* [What you have to do] From the line containing "ISTRA, Umag - Samostojna" to the end of the data, retype every line exactly and nothing else. Drop the pictures.

* [Stored data]

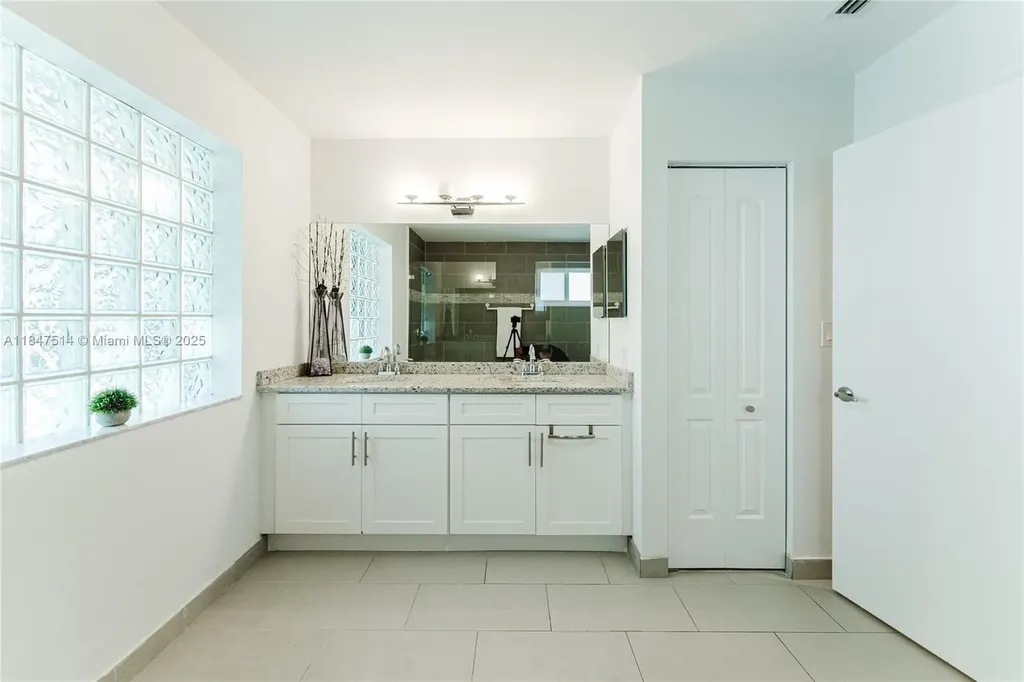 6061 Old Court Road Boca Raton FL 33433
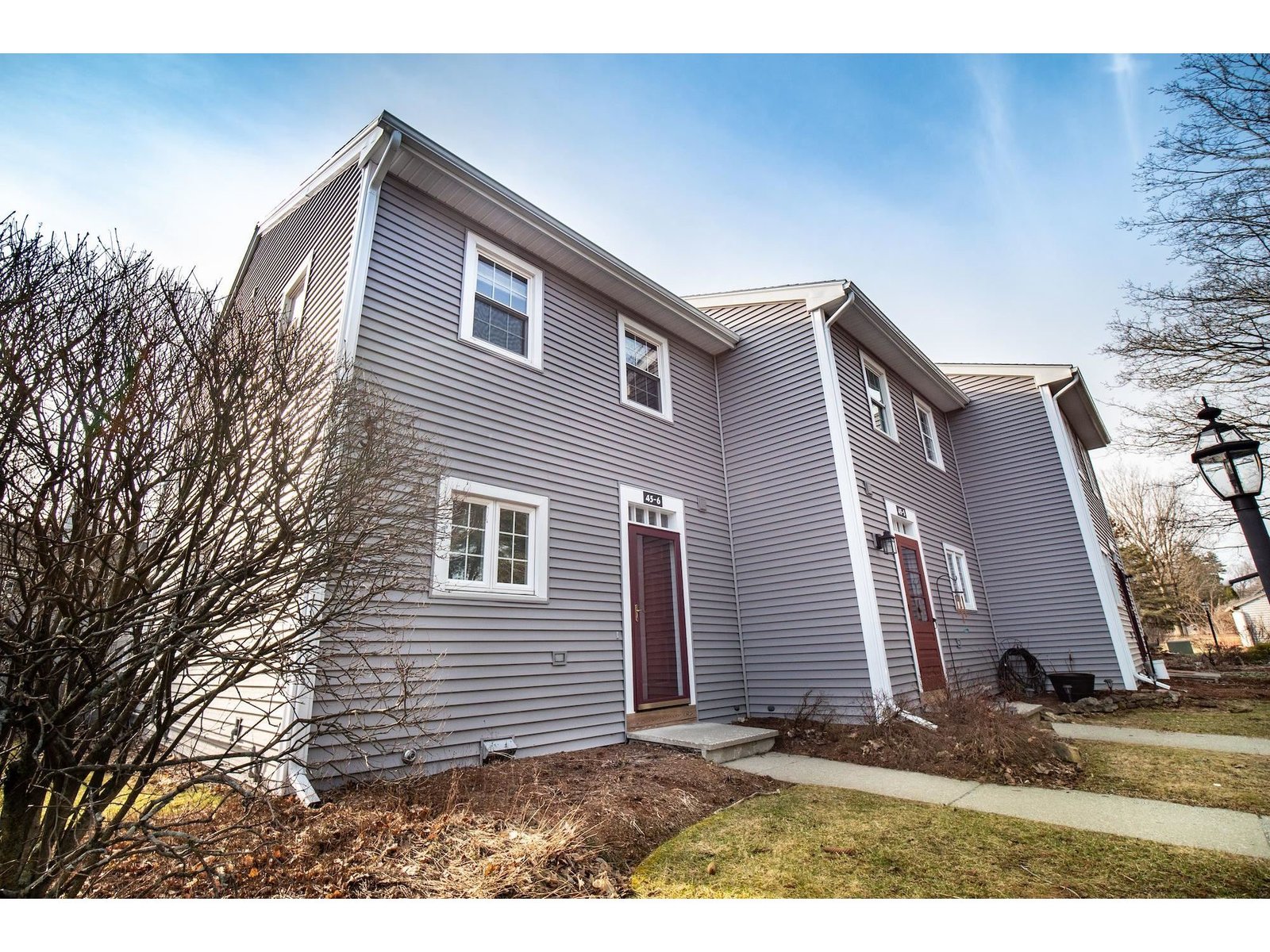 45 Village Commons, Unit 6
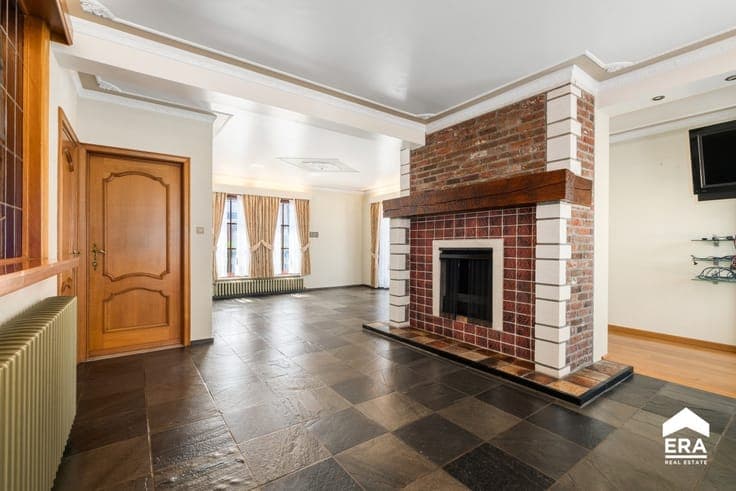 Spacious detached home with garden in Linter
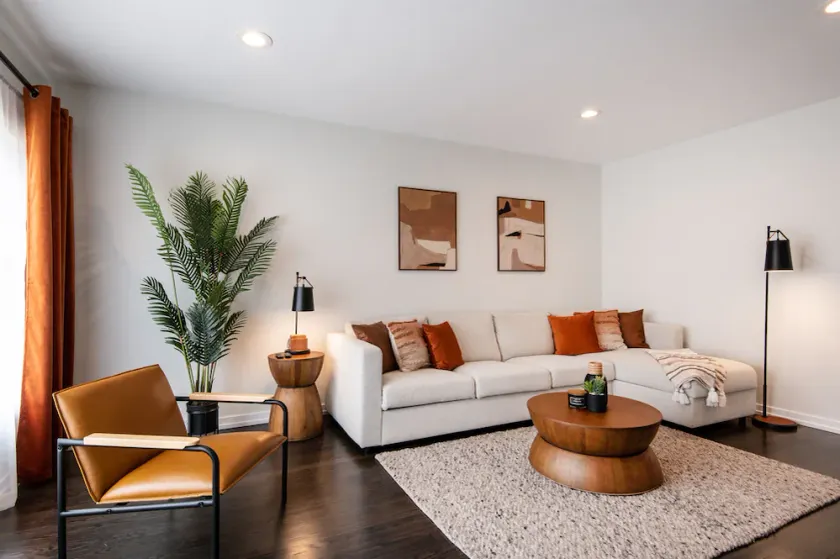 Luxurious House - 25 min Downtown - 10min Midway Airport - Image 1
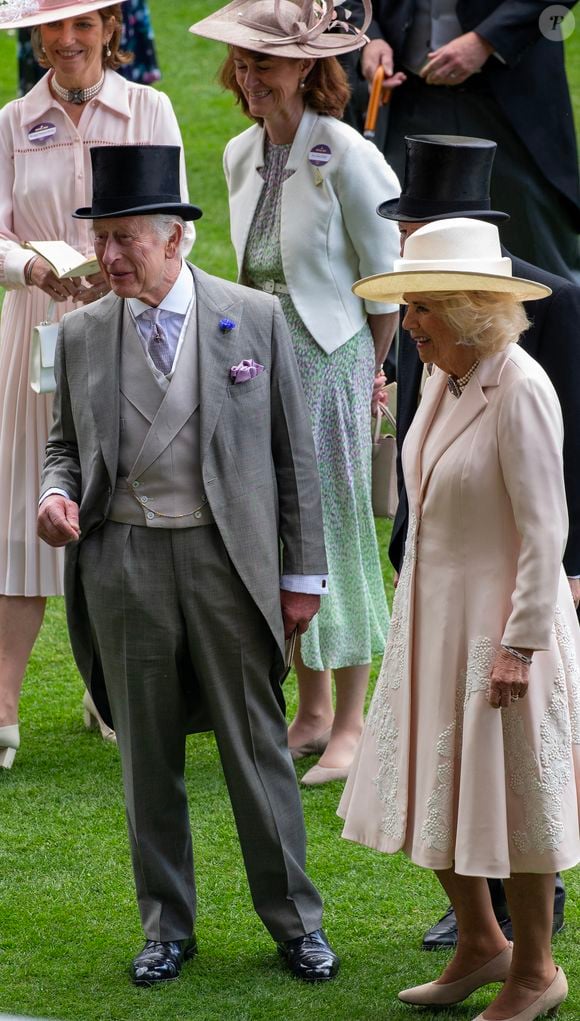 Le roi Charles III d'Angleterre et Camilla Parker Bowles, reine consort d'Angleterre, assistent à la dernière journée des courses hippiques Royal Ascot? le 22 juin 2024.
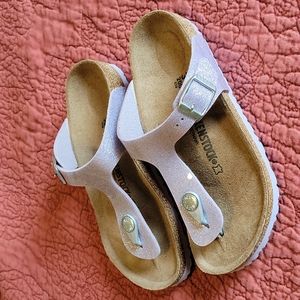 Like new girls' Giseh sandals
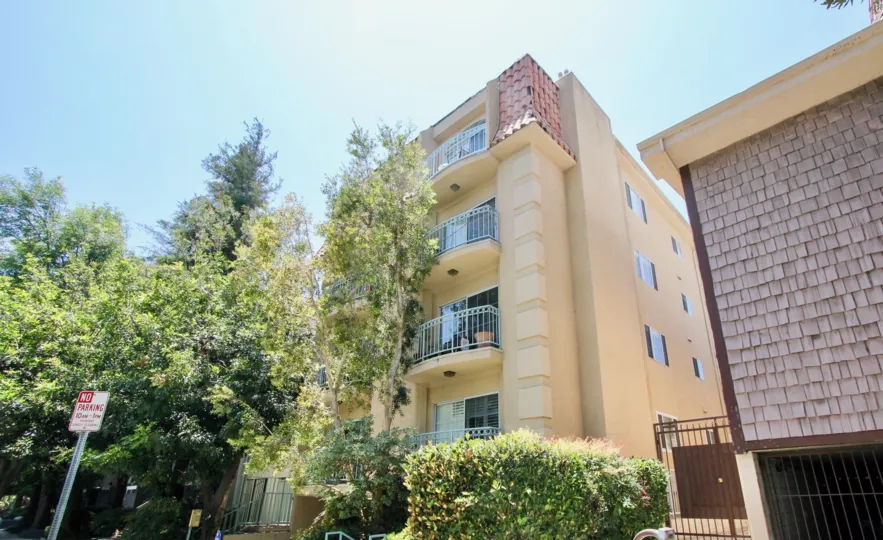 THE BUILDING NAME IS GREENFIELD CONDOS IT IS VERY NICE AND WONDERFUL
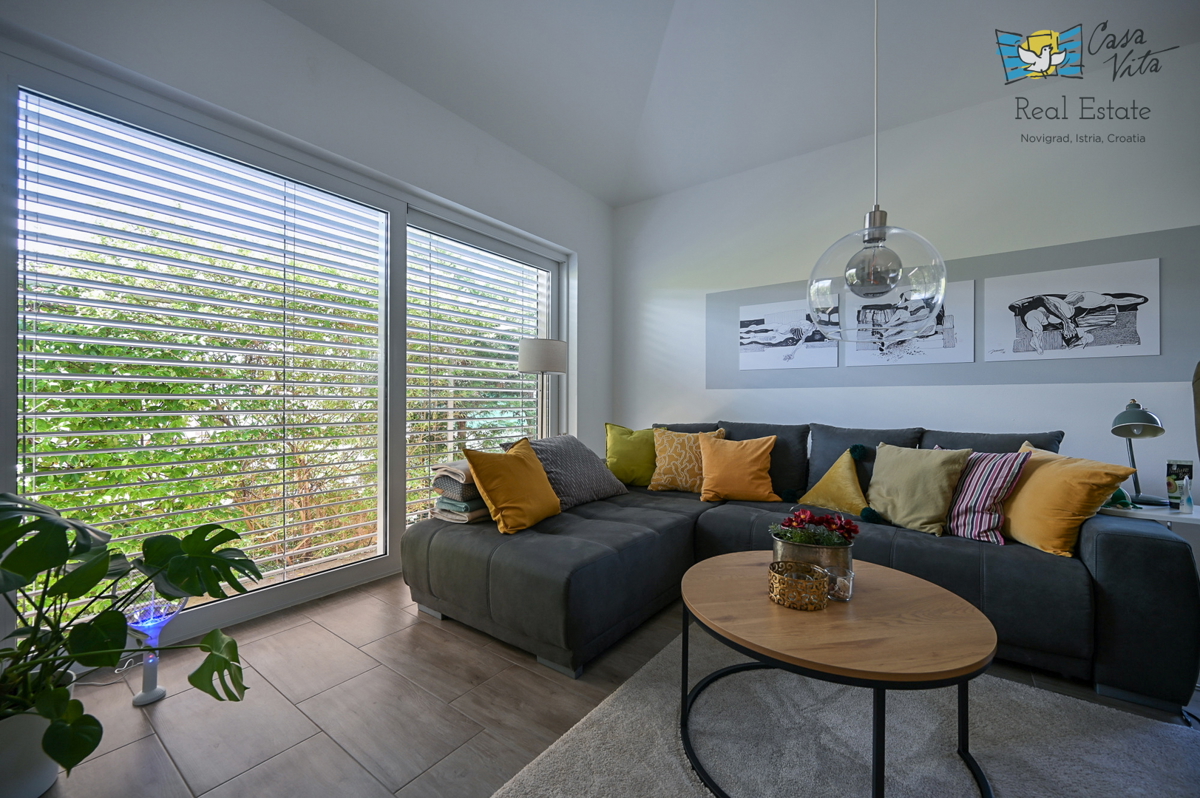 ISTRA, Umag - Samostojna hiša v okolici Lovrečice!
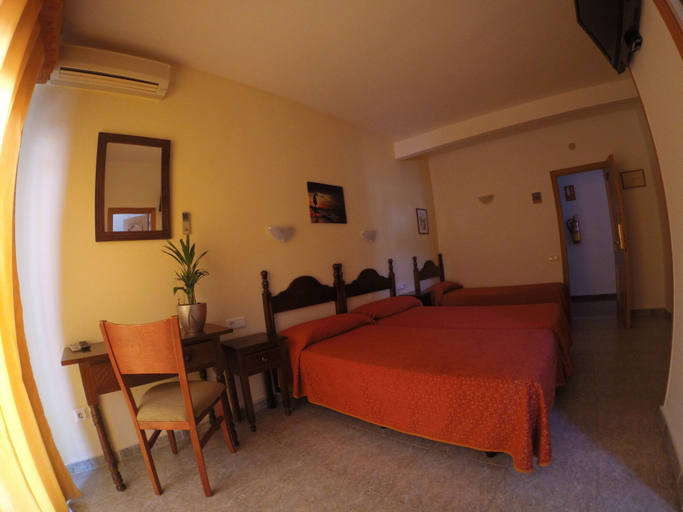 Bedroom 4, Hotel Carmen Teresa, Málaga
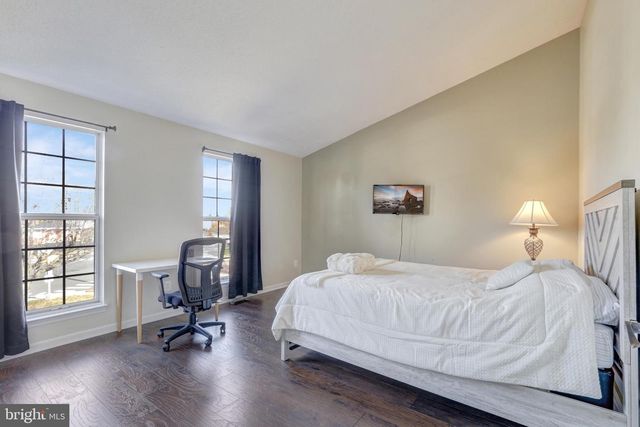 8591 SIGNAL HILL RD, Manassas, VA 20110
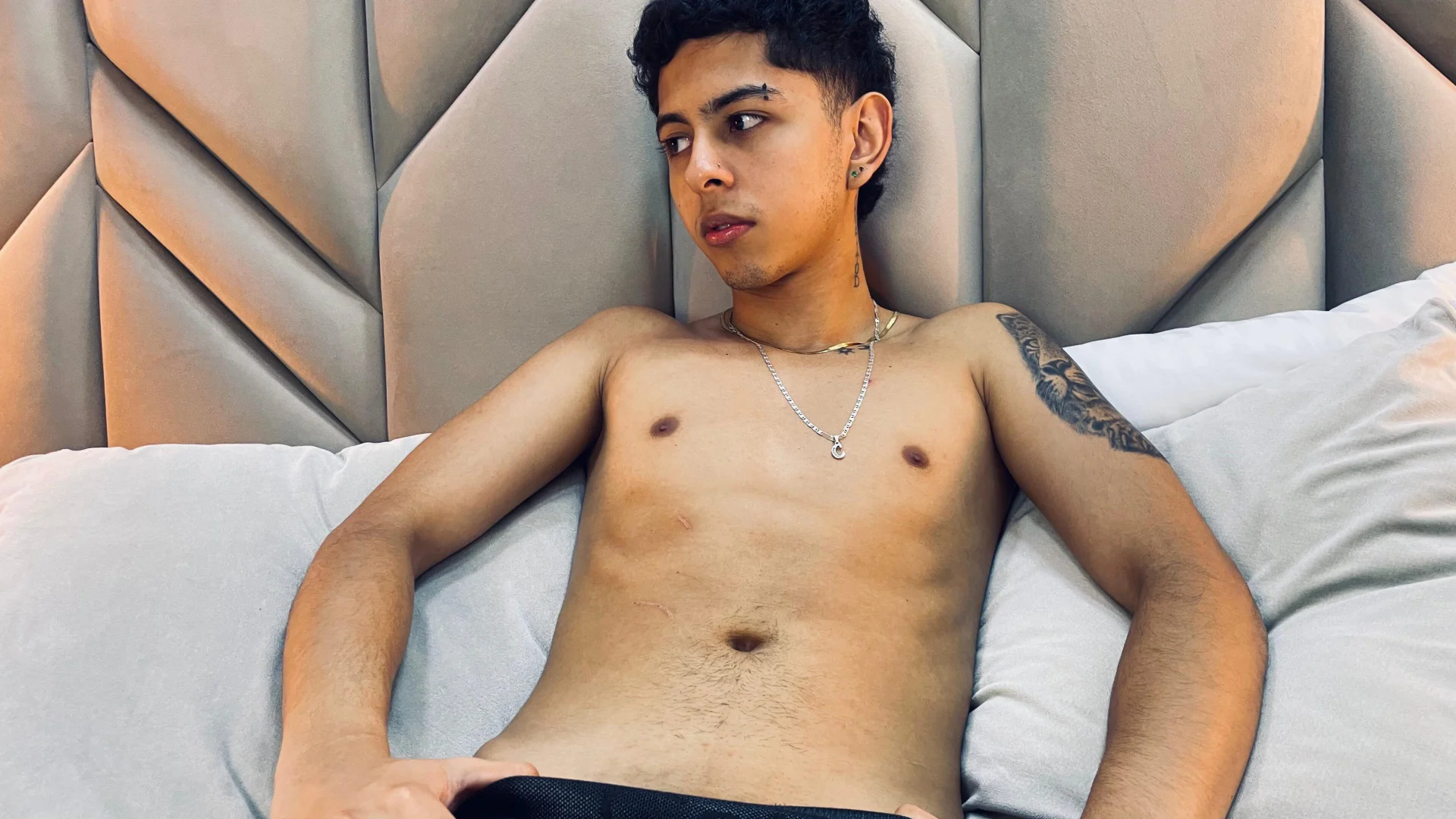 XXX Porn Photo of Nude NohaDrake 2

* [Reply]
 ISTRA, Umag - Samostojna hiša v okolici Lovrečice!
 Bedroom 4, Hotel Carmen Teresa, Málaga
 8591 SIGNAL HILL RD, Manassas, VA 20110
 XXX Porn Photo of Nude NohaDrake 2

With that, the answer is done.